As offshore drilling capabilities developed in the early 1970’s to discover large reserves in frontier areas, Van Dyke entered the emerging market of the Dutch North Sea. One of the early independents there, his company formed a group, purchased Tenneco Netherlands, and eventually controlled up to 1.6 million acres offshore Holland. During the next 23 years, his company participated in over 30 wells. In 1974, Van Dyke Energy Company participated in the Dutch North Sea’s first carboniferous discovery, K/4, producing 20 MMcfgd. Between 1982-1983 there would be three discoveries: P/2 (1982), producing 20 MMcfgd, P/9 Horizon oil field (Unocal operator, 20 MMbo) and P/15 Rijn oil field (Amoco, 50 MMbo). The Horizon field became the North Sea’s first field to employ horizontal drilling and completion. Both the Rijn field and the Horizon field represent two of The Netherlands’ larger oil discoveries.
In the mid-1990’s, Van Dyke took an option from NAM on Q/13a and was awarded a license on Q/13c in Holland’s Eighth Round. The Q/13-8 well, located within six miles of shore, made a discovery at 3,400 BOPD.
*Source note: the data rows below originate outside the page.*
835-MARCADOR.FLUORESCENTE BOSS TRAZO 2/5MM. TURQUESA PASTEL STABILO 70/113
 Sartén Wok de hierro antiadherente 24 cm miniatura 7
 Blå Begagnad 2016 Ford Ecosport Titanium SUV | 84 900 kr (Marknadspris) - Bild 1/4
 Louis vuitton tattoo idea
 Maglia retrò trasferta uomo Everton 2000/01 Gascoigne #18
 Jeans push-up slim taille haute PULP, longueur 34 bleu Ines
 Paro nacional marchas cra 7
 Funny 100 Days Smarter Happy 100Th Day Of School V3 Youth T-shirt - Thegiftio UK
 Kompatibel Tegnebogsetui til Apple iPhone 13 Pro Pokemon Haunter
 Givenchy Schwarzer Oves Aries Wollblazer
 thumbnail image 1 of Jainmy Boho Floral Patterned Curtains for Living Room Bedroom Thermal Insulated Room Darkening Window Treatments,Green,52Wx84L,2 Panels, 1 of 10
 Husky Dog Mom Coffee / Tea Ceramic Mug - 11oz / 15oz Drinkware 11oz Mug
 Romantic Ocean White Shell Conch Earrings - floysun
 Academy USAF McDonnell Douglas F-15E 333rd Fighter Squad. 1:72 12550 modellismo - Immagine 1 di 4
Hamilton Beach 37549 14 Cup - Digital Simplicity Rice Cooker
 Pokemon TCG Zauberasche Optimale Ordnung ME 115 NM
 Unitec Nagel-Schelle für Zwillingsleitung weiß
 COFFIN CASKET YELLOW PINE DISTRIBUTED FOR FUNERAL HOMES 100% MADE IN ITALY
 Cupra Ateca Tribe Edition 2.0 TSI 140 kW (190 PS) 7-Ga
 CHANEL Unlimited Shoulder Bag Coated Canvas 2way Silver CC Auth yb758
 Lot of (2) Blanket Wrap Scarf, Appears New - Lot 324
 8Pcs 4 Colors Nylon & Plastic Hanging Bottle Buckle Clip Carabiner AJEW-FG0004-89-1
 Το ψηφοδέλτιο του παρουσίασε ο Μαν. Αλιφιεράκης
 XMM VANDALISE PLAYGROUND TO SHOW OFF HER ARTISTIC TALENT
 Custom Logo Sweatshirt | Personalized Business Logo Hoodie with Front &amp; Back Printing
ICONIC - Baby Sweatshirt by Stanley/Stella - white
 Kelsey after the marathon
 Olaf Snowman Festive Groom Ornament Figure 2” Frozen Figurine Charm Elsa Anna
In 1996, Van Dyke moved most of his company’s activity to explore Africa’s deepwater potential. Production Sharing Agreements with Gabon on two deepwater licenses, Anton Marin and Astrid Marin, would lead to similar agreements with Senegal (Dakar Offshore Profond), Morocco (Safi Haute Mer and Ras Tafelney), Côte d’Ivoire (CI-112, CI-401, CI-101), Ghana (Cape Three Points Deep Water), Equatorial Guinea (Block K Corisco), Namibia (License Area 1711) and Madagascar (Majunga Profond). Van Dyke Energy Company became known as Vanco Energy Company with seismic acquisition offshore each of the eight countries and drilling programs offshore five countries. In 12 years (1998-2010), the company, operating as an independent among the majors, conducted 20 seismic programs that led to operating or participating in 10 drilling programs offshore deepwater Africa. Companies participating in Vanco’s activity included Total, Unocal, Kerr-McGee, ExxonMobil, Shell, Petroci, Petronas, Repsol, Sinopec, Oil India Limited as well as government-participating companies of the respective countries.
By 2008, Vanco had expanded its deepwater exploration to Ukraine and Brazil. In Ukraine, Vanco was one of the first companies to be awarded a deepwater license in Ukraine’s portion of the Black Sea.
Return to Offshore Netherlands
After Lukoil’s 2011 purchase of the company’s activity in Africa, Van Dyke Energy Company resumed its focus on the Dutch sector of the North Sea.